A 7 heures du matin, il est déjà au bureau et n’en ressort que vers 22 ou 23 heures’’, estime Soro Diop. L’homme qui aime inviter ses partenaires à table tient peut-être cet altruisme d’un père qui sacrifiait deux bœufs les vendredis, pour les distribuer aux plus démunis et dans les mosquées. Le ministre a pris la relève. ‘‘C’est quelqu’un de généreux, qui s’engage à fond, qui aime travailler en groupe. Il n’a jamais été mû par ses intérêts particuliers. Il est sollicité un peu partout et il y répond. Un homme exceptionnel et parfois on a du mal en entendant certaines critiques crypto-personnelles’’, déclare son dircom qui désapprouve la levée de bouclier contre Me Kaba.
Rire philosophique
‘‘La critique n’est pas de s’attaquer à lui, mais de faire en sorte que notre législation puisse protéger davantage la société, étant entendu que la conception que nous en avons est que libertés individuelles doivent se verser dans la morale collective. Les Etats africains ont une charte qui les démarque de la conception 'européocentriste' des droits de l’Homme’’, propose Me Assane Dioma qui ne s’explique pas ces critiques contre cette valeur sûre pour la défense de la cause humaine.

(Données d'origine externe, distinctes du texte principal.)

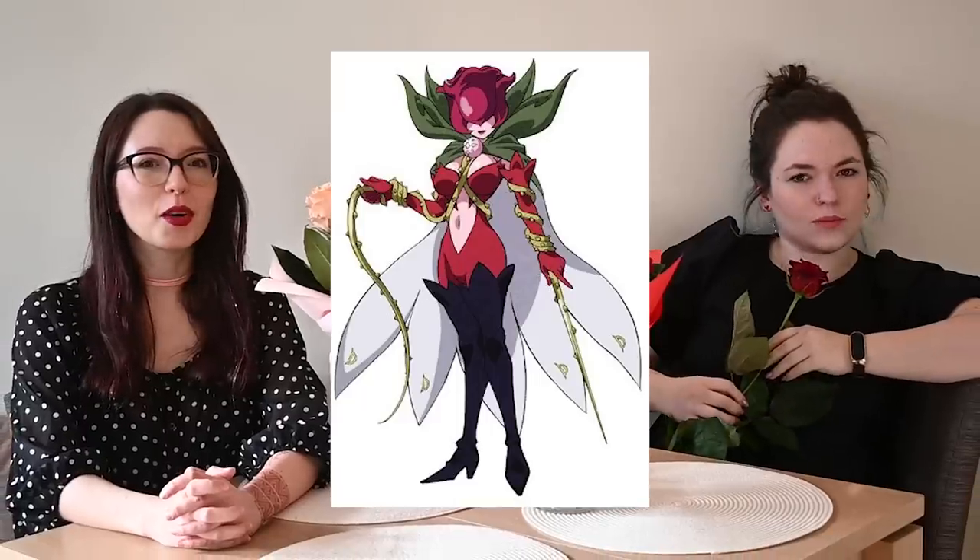I have a confession to make. When I was a kid, I never cared for Pokemon. This doll community is all about Pokemon dolls, but I was that one weird kid that was obsessed with Digimon Adventure. I didn't care for either, but it's Valentine's Day, so let's make Rosemoon.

Si l’on met de côté la coïncidence incommodante que c’est sous son ministère (de la justice), lui ancien avocat des victimes tchadiennes, que s’est tenu le procès de Hissein Habré au Sénégal, la sortie qui lui vaut d’être la cible d’associations sénégalaises et d’une partie de l’opinion qui pensent, à tort ou à raison, qu’il donne plus de gages aux partenaires droit-de-l’hommistes, dont l’action pour le droit des minorités sexuelles est connue, pourrait trouver une issue dans les propos de Me Ndiaye. Autre petit désaveu pour cet ‘‘homme particulièrement attaché à sa famille et à Tambacounda avec laquelle il n’a jamais rompu le cordon ombilical’’, la sortie de Mame Balla Lo. Le député-maire de Tamba s’est désolidarisé de son ministre en déclarant que ‘‘les propos de Sidiki n’engagent que lui’’. Une petite goutte dans la vaste mer de réprobations qu’il essuie, stoïque. Une situation à laquelle il n’a pas eu d’autre choix ‘‘que d’opposer un rire philosophique’’, Soro dixit.